Hazewinkel: Yeah, I’ve been enjoying it a lot. I’m kind of like the secondary, the helper. Ike Anderson is the head coach for Sunkist. Nowadays, just about everyone has a personal coach. But I love it. I get to see everyone and help out everyone. All of those guys. They were all kind of starting as I finished, so it has been fun being able to help them. I appreciate Sunkist for letting me come on as a coach. And I’m hoping to do more. There’s a good chance I’m headed to Poland in a couple of weeks and helping out with those teams. I’m trying to get my foot in the door to become a staff coach on the World level.

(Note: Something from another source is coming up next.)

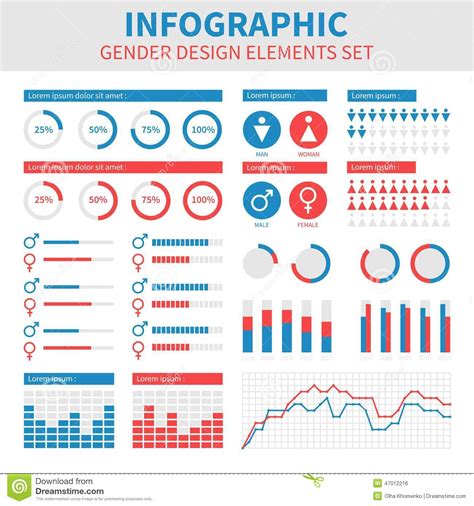 Gender Infographic Design Male And Female Stock Vector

Like, Coleman Scott went with the girls the past couple of years. A lot of times they are a personal coach, too, but not always. A coach who puts in their time.
I think there are rules that come with it. Like, you have to put in a tour, go to a National Team camp, whatever. I’m working towards that so I can do it, that way when the time comes and they need someone… I was talking to Gary Mayabb at U20’s (Junior) how if they need someone with that World Team I’d be happy to help. I try to do my part. Get in there. We’ve got guys placing. Billy Sullivan won, made the World Team. We had guys in the finals at U20, and then Dom Demas at the US Open made it to the finals. We have to turn those seconds into firsts, but the RTC is moving in the right direction.
5PM: You saw the Olympic Trials. You have watched the run of tournaments we’ve had so far in 2021. Given the amount of time off the Seniors have had compared to the college wrestlers, how do you think Senior wrestling going into the Trials and afterwards has recovered from the forced pandemic hiatus?
Hazewinkel: I didn’t think we handled it well, and I’m going to put a little caveat with that. The US Open right there at the beginning (October) just didn’t look good. People weren’t in shape and a lot of the top guys weren’t there, which I have a problem with that. You needed your matches. There was no money, so they didn’t show up. There was an injury factor, but I didn’t like it. I thought it wasn’t very good.
The Olympic Team Trials were a lot better but I still didn’t feel like we were at the level we had been in the past. But the caveat is that the guys who made the Team looked strong. The cream rose to the top. I thought it looked easier maybe than other years, but the cream rises to the top. I have no problem with the Team that is going — in each style. They look good. They have been doing things right. They have been finding ways to train. And, some of them on their own. There are some crazy good stories, but it’s the guys who find a way, the girls who find a way to make the Team.
I’ve felt that, as a country, we’ve lacked that a little bit. Maybe for good reason. It might be different from one person to the next. But from my point of view, I would like to think that I would have gained a lot of ground on people over the past year because I would have found a way to out-train everyone. But — I’m a new coach. And you look at everything differently when you’re coaching.